╭──
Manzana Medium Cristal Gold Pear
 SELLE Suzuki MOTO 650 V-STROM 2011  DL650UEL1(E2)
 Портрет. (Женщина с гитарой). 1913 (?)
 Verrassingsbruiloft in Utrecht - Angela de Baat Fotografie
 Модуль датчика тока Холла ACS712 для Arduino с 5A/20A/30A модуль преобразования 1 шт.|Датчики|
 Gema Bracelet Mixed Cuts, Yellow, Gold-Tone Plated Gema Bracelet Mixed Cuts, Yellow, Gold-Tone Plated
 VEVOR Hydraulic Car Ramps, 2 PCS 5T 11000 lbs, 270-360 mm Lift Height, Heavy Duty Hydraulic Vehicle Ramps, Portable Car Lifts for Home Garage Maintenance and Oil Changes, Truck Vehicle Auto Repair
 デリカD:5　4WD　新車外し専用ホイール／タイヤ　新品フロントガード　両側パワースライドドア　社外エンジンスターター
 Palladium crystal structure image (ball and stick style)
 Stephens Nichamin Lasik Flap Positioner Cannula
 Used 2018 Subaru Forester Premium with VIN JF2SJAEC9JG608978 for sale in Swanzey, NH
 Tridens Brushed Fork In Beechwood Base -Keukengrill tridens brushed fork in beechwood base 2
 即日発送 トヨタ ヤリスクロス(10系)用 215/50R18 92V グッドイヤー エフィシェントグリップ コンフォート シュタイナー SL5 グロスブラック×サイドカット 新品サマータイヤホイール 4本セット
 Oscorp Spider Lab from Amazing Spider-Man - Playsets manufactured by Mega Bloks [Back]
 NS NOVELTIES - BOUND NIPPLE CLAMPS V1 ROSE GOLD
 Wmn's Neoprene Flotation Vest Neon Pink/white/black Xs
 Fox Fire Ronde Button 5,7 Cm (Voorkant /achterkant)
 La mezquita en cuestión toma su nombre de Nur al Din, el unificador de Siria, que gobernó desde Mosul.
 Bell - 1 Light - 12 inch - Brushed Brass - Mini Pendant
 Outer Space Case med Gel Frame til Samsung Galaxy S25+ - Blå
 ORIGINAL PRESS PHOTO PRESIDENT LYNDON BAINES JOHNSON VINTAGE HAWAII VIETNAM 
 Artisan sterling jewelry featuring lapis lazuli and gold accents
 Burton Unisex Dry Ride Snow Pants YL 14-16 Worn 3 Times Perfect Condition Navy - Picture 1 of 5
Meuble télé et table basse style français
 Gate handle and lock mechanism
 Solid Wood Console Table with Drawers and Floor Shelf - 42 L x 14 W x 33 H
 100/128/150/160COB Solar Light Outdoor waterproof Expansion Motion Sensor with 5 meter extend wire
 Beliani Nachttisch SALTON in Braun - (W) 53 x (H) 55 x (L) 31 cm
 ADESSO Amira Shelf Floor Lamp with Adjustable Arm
╰──
WORK ORDER: Give back, unchanged, the run of lines in the listing above that begins at the line containing "Портрет. (Женщина с гитарой). 1913 (?)" and ends at the line containing "NS NOVELTIES - BOUND", both included.

ANSWER TO THIS PROBLEM:
 Портрет. (Женщина с гитарой). 1913 (?)
 Verrassingsbruiloft in Utrecht - Angela de Baat Fotografie
 Модуль датчика тока Холла ACS712 для Arduino с 5A/20A/30A модуль преобразования 1 шт.|Датчики|
 Gema Bracelet Mixed Cuts, Yellow, Gold-Tone Plated Gema Bracelet Mixed Cuts, Yellow, Gold-Tone Plated
 VEVOR Hydraulic Car Ramps, 2 PCS 5T 11000 lbs, 270-360 mm Lift Height, Heavy Duty Hydraulic Vehicle Ramps, Portable Car Lifts for Home Garage Maintenance and Oil Changes, Truck Vehicle Auto Repair
 デリカD:5　4WD　新車外し専用ホイール／タイヤ　新品フロントガード　両側パワースライドドア　社外エンジンスターター
 Palladium crystal structure image (ball and stick style)
 Stephens Nichamin Lasik Flap Positioner Cannula
 Used 2018 Subaru Forester Premium with VIN JF2SJAEC9JG608978 for sale in Swanzey, NH
 Tridens Brushed Fork In Beechwood Base -Keukengrill tridens brushed fork in beechwood base 2
 即日発送 トヨタ ヤリスクロス(10系)用 215/50R18 92V グッドイヤー エフィシェントグリップ コンフォート シュタイナー SL5 グロスブラック×サイドカット 新品サマータイヤホイール 4本セット
 Oscorp Spider Lab from Amazing Spider-Man - Playsets manufactured by Mega Bloks [Back]
 NS NOVELTIES - BOUND NIPPLE CLAMPS V1 ROSE GOLD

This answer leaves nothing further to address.